まずは少しの雪を
深呼吸をしてから、小雪のドアをノックした。返事が返る。もちろん居るのだ。
「お帰り、お兄ちゃん。遅かったね」
「ただいま戻りました」
「それで。私に何をしろって? あの人たちは」
う。
「知っていたのか」
「知ってた。面倒だから、認めたくなかっただけ」
言葉が、出て来なかった。強い拒絶に驚いたからだ。
考えてみたら僕は、この力を不満に思ったり持て余したりしたことはなかった。ただあの世界を楽しみ、遊んでいただけだ。
小雪の気持ちは難しい。

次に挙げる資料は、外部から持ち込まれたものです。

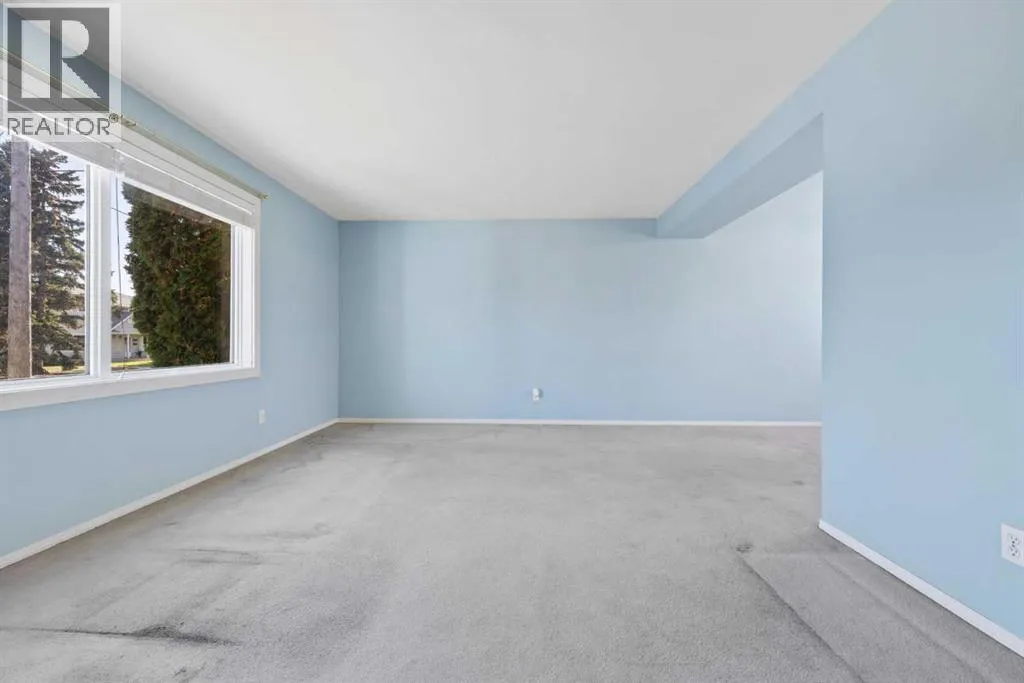 311, 4525 31 Street SW
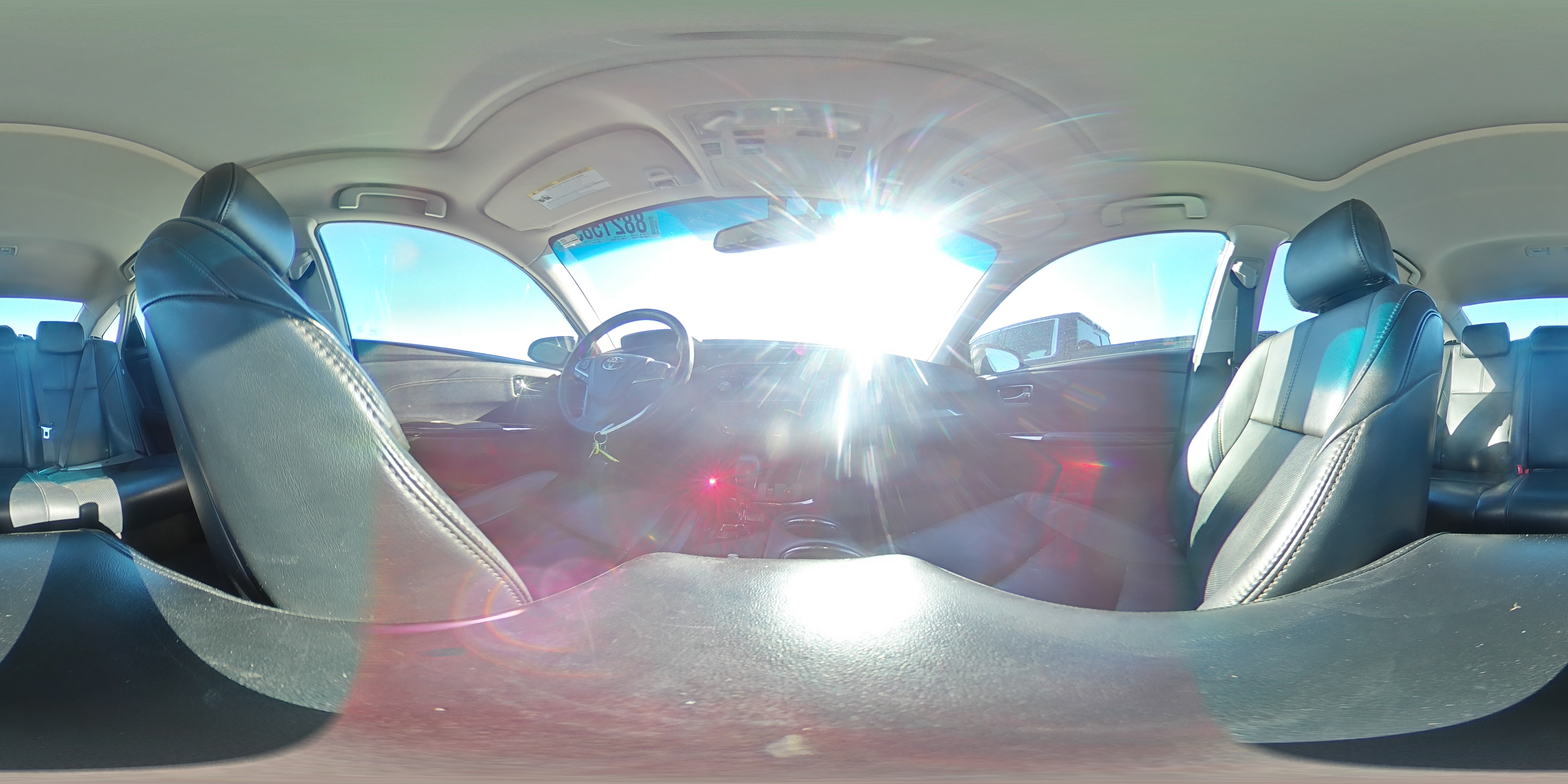 2015 Toyota Avalon - Image 15
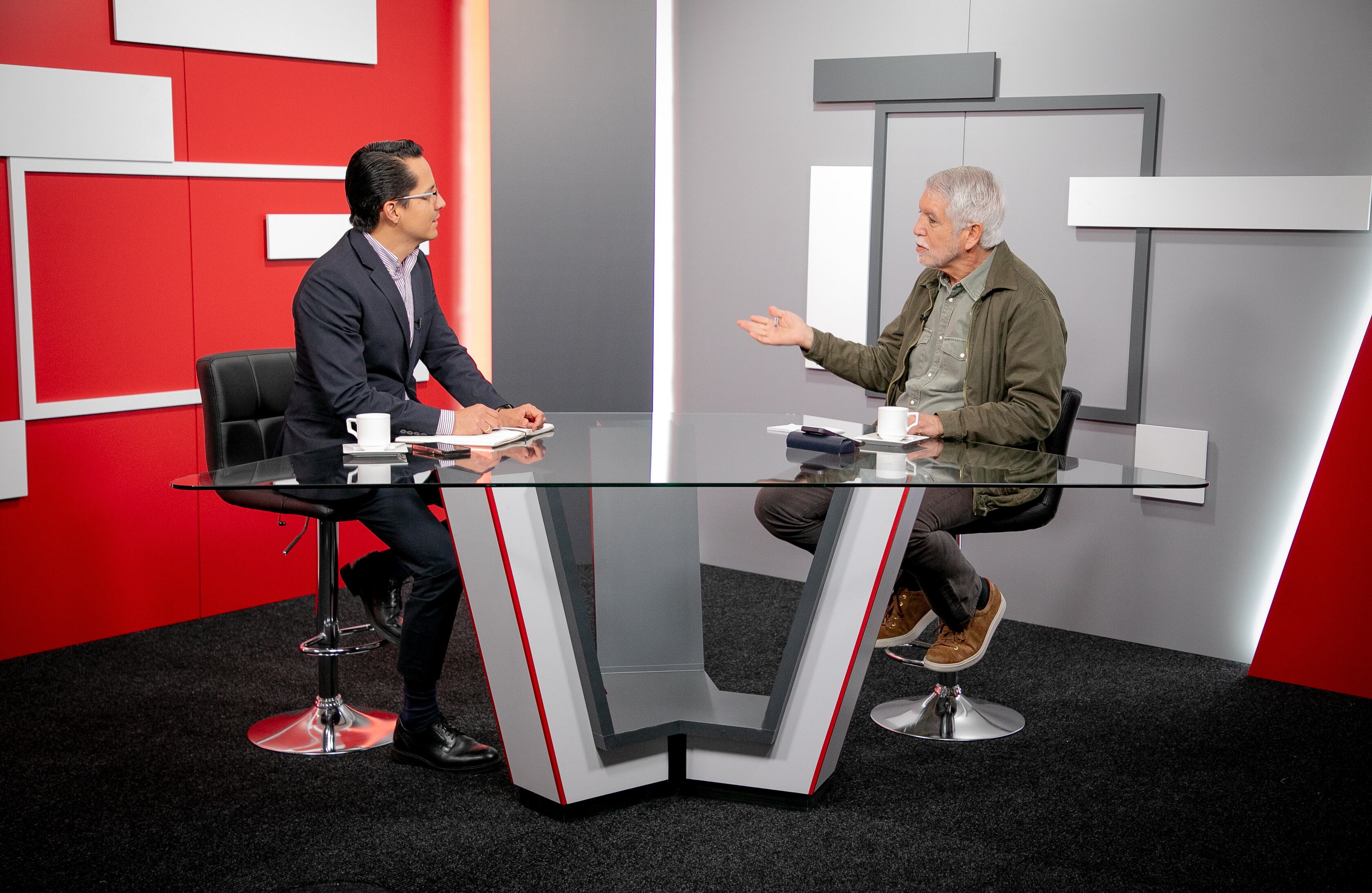 El Debate, entrevista a Enrique Peñalosa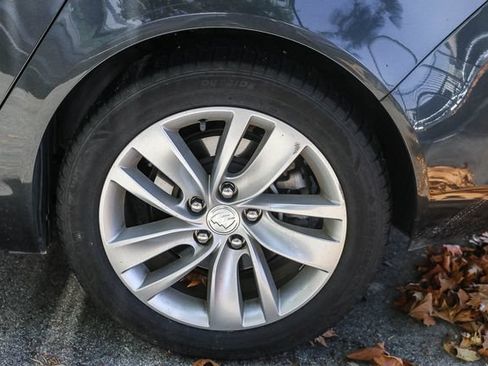 Used 2017 Buick Regal Premium w/ Driver Confidence Package #1 FWD image 9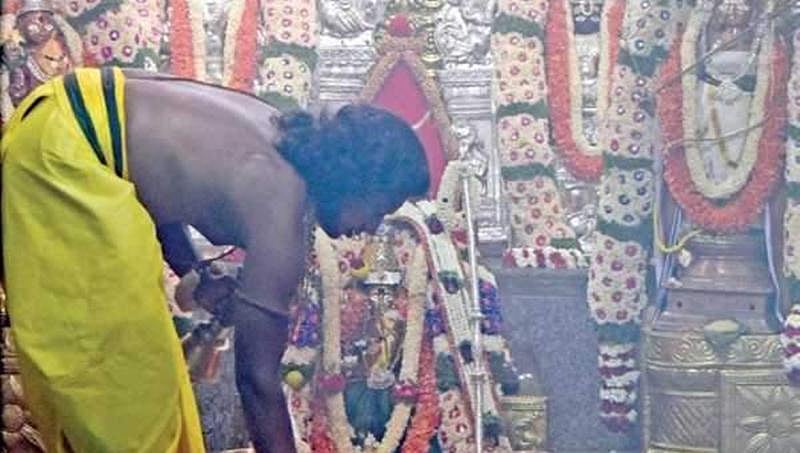 ವಿಜೃಂಭಣೆಯಿಂದ ನಡೆಯಿತು ಪುರಾಣ ಪ್ರಸಿದ್ಧ ಬೆಂಗಳೂರು ಕರಗ ಮಹೋತ್ಸವ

わかってやろうと思うのに。
「お兄ちゃん、さっき見てたでしょ」
あぁ。そんなことまでバレてるのか。
「あいつね、変なんだよね。私のことがわかるんだって言うの」
「わかるって。何を」
「私の変な力を、理解できるって言うんだよ。普通は見えないものも見えるんだって」
「……なんで気付かれたんだろう」
「知らないよ」
疑問の答えは、僕の頭の中にきちんと用意されたものだった。予定されていた台詞のように。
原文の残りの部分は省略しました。